Am Mittwoch war bekanntgeworden, dass die USA einen neuen Friedensplan erarbeitet hatten. Laut US-Medien sei dieser in geheimen Beratungen mit russischen Vertretern erstellt worden. Trump hatte Russland und die Ukraine immer wieder zu einem Ende der Kampfhandlungen aufgefordert und beide Kriegsparteien auch kritisiert.
Nun steht erneut besonders der ukrainische Präsident Wolodymyr Selenskyj unter Druck, nicht nur wegen des Vorrückens der russischen Truppen im Osten des Landes, sondern auch wegen eines Korruptionsskandals, der bis in die Regierung des in die EU strebenden Landes reicht.
Die Sprecherin der US-Regierung, Karoline Leavitt, sagte am Donnerstag, dass US-Außenminister Marco Rubio und der US-Sondergesandte Steve Witkoff wochenlang an einem Plan gearbeitet hätten.

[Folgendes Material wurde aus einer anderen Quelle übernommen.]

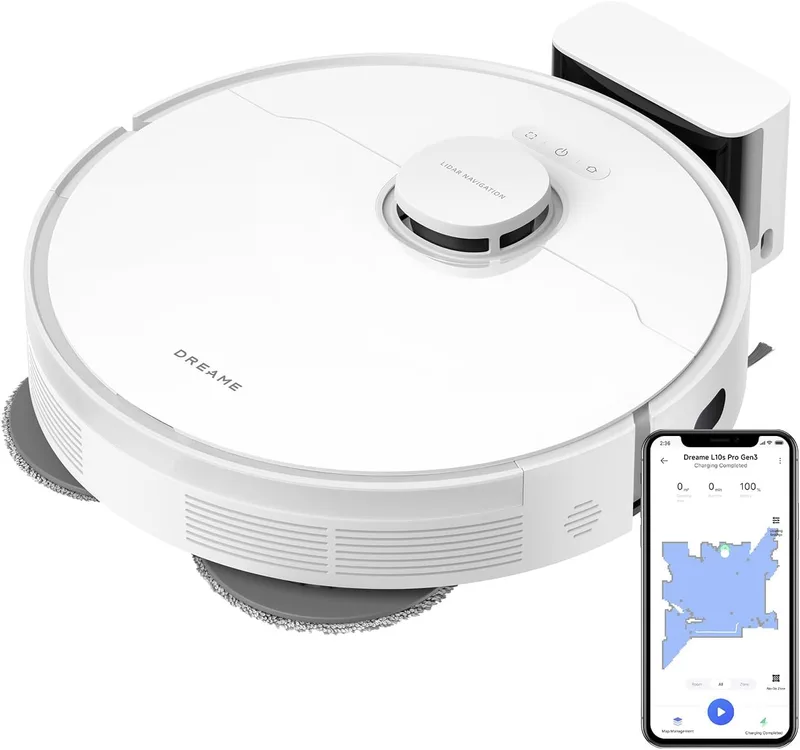 DREAME ▫️ L10s Pro Gen 3 – Aspirador e esfregador de chão inteligente, sucção Vormax de 13 000 Pa, sistema de esfregamento DuoScrub, esfregona com elevação automática de 7 mm, Alcança o Inatingível, 5 200 mAh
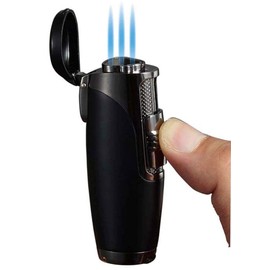 Visol Triad Butane Torch Triple Jet Flame Refillable Gas Lighter, Built in Punch, Windproof Adjustable Flame Lighter (Shipped Without Butane) (Black)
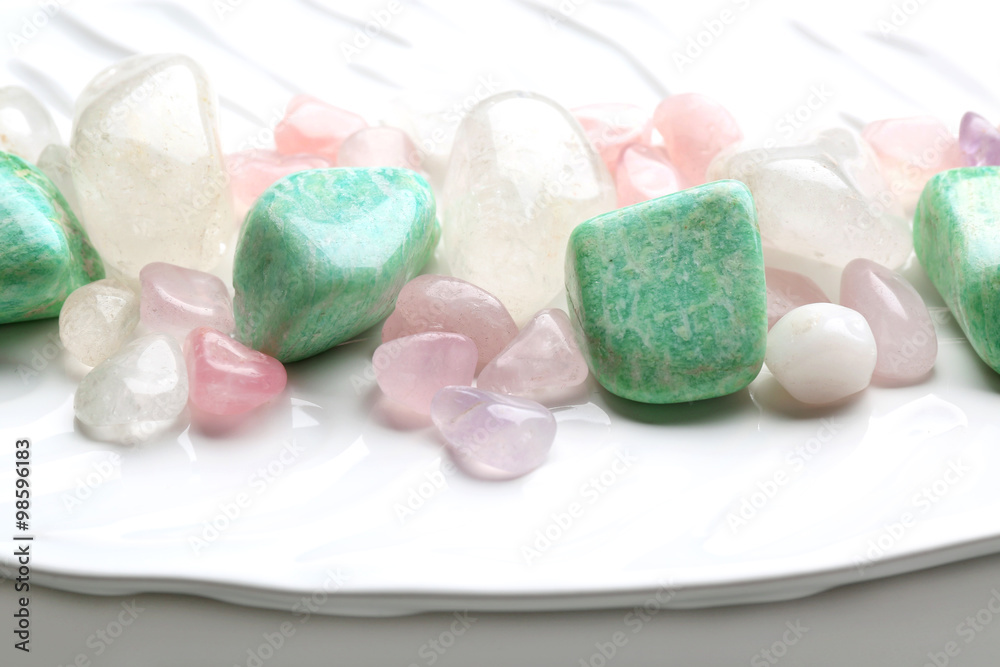 Semiprecious stones on a dish Semiprecious stones on a dish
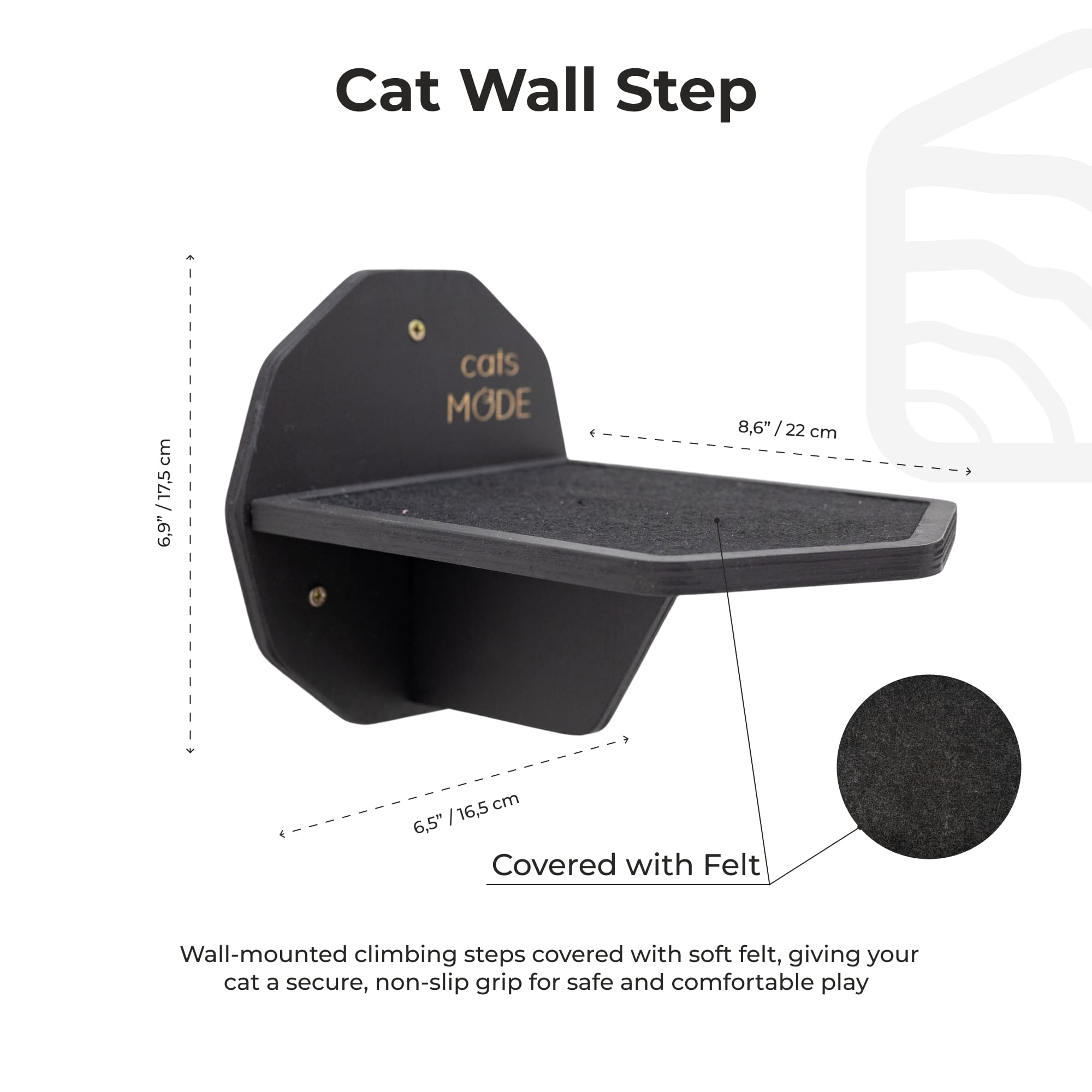Wooden Hexagon Step - Black
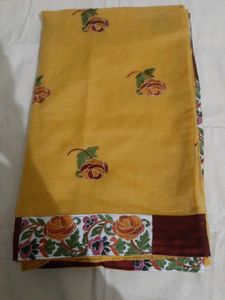 Yellow Embroided Border Saree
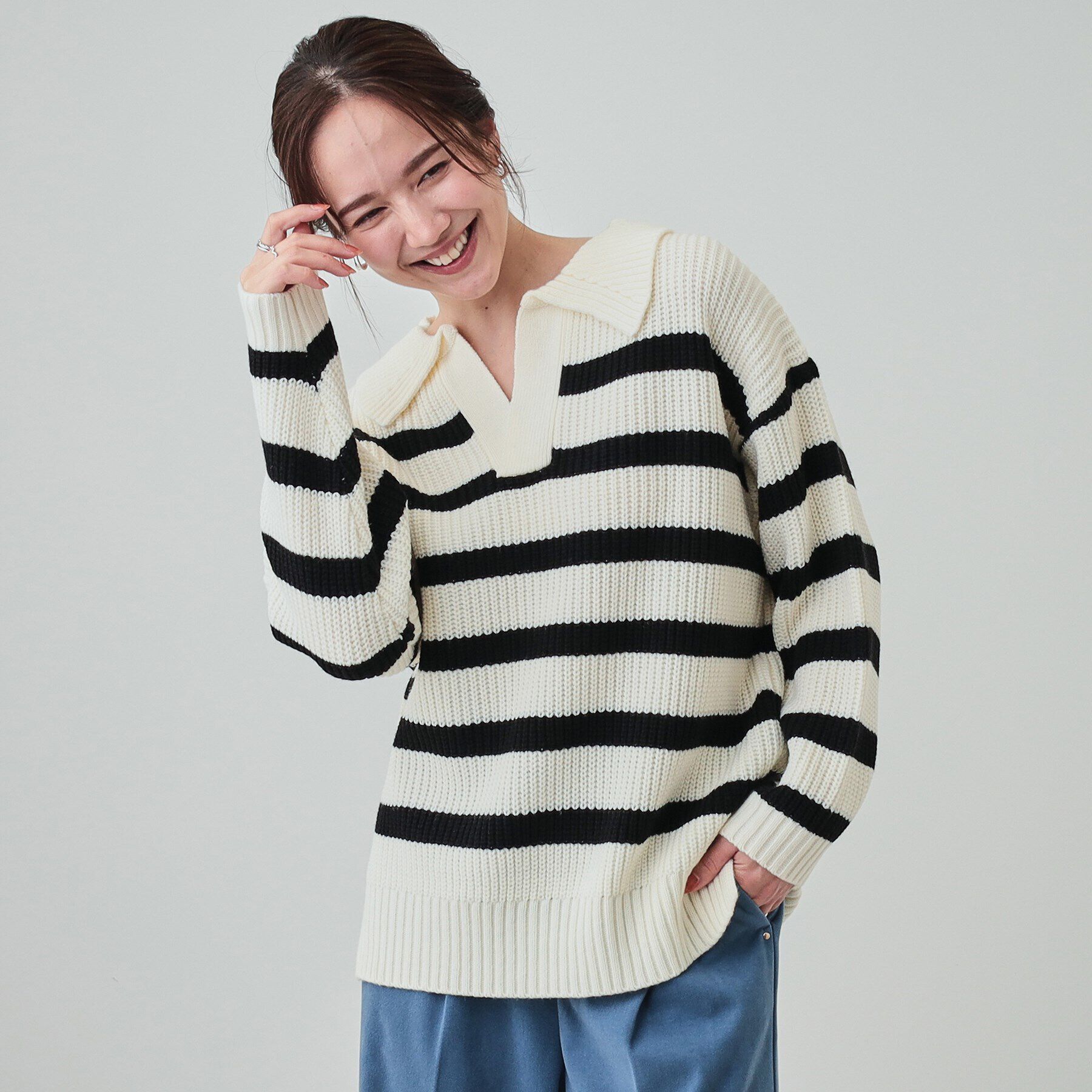 SHOO･LA･RUE「【S-LL】襟付きでこなれる 畦編みゆるニット」|ニット・セーター|オフホワイト(303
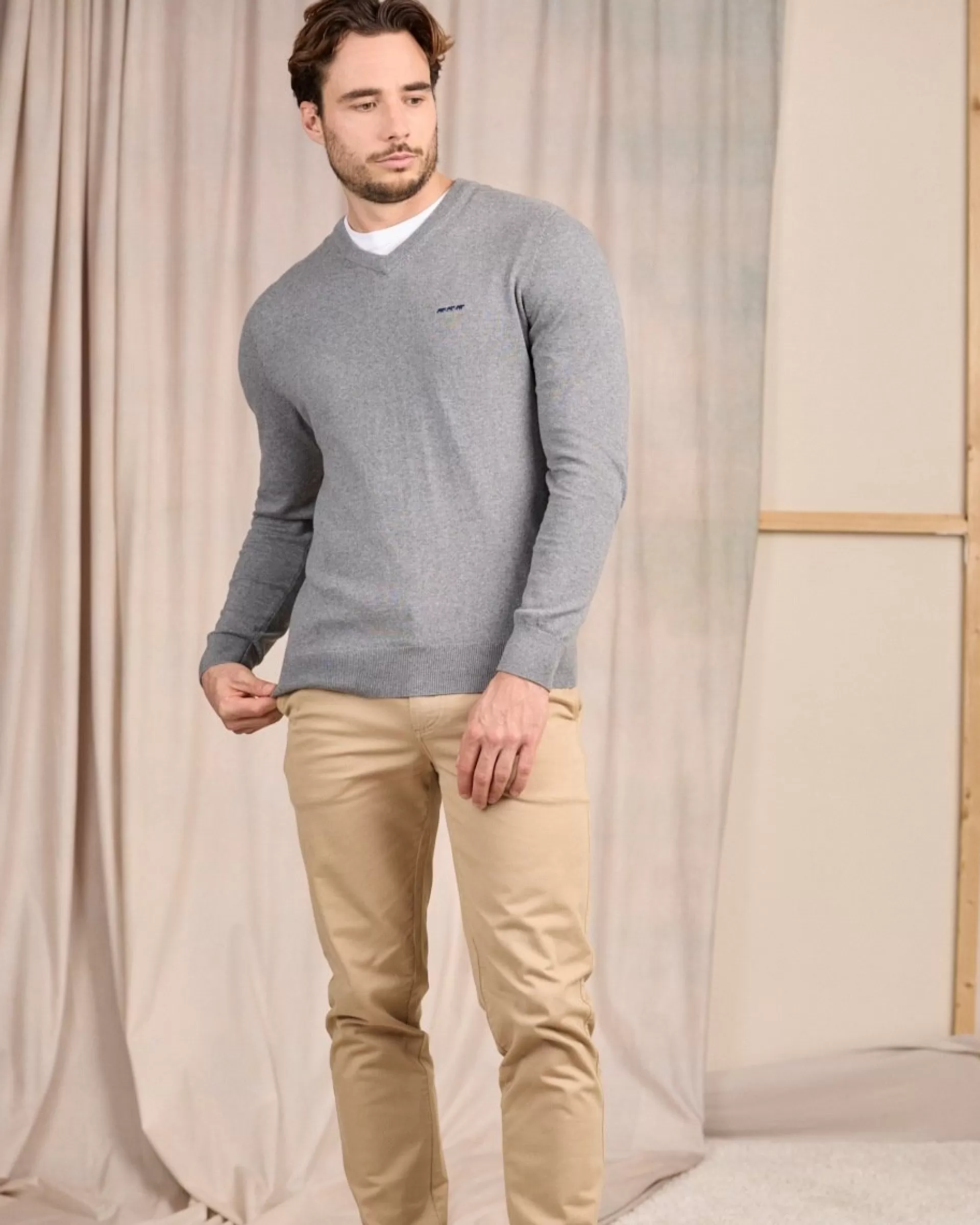 Sale Pull Alvin gris chiné Homme Pull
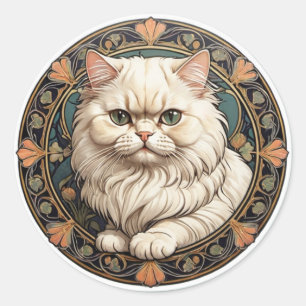 Sticker Rond Chat Perse Art Nouveau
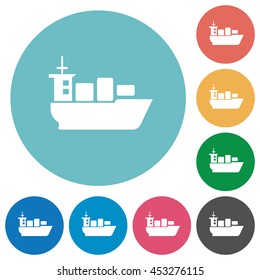 Flat sea transport icon set on round color background.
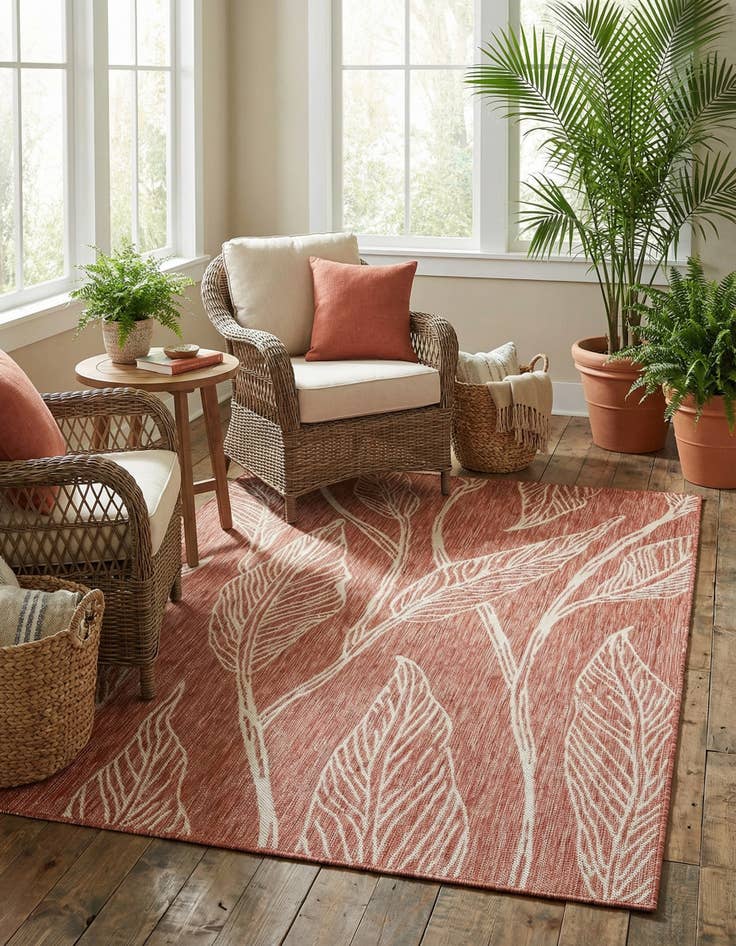 Detail image of  5' 3 x 8'  Washable Botanical Indoor / Outdoor Rug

Sie seien mit Russland und der Ukraine gleichermaßen in Austausch getreten, um zu verstehen, wozu die Länder jeweils bereit seien, um einen dauerhaften Frieden zu erreichen.
Selenskyj machte sich den Vorschlag der USA nicht zu eigen, zeigte sich aber zumindest gesprächsbereit. Eine Delegation unter Leitung von Daniel Driscoll, einem Staatssekretär im US-Verteidigungsministerium, hatte die Vorstellungen der US-Regierung bei Gesprächen in Kiew präsentiert. Selenskyj sagte danach in einer Videobotschaft: "Die amerikanische Seite hat Punkte eines Plans vorgestellt, um den Krieg zu beenden – ihre Sichtweise. Ich habe unsere Grundsätze vorgestellt."
Nun müsse an den einzelnen Punkten gearbeitet werden, sagte Selenskyj. Nach Angaben seines Büros will Selenskyj bald mit Trump telefonieren. Die Arbeit an den Vorschlägen werde auf technischer Ebene mit den US-Partnern fortgesetzt, hieß es.
Russland gab indes am Freitag an, noch nicht darüber informiert worden zu sein, dass die Ukraine zu Gesprächen auf Basis des US-Plans bereit sei. Das habe das Präsidialamt in Moskau erklärt, meldete die staatliche russische Nachrichtenagentur RIA. Russland begrüßt seit Langem, dass sich Trump für eine Beendigung des Krieges in der Ukraine einsetzt.
Die europäischen Unterstützer der Ukraine, die an Verhandlungen stets beteiligt werden wollen, wurden von dem US-Vorstoß eher überrascht. Die EU knüpft ihre Unterstützung für einen Friedensplan für die Ukraine an Bedingungen: Ein solcher Plan müsse einen dauerhaften und gerechten Frieden bringen und sowohl die Ukraine als auch die EU einbeziehen, sagte die EU-Außenbeauftragte Kaja Kallas in Brüssel. Wie ein Insider gegenüber Reuters sagte, wollen US-Vertreter Botschafter der EU in Kiew am Freitag über den Entwurf informieren.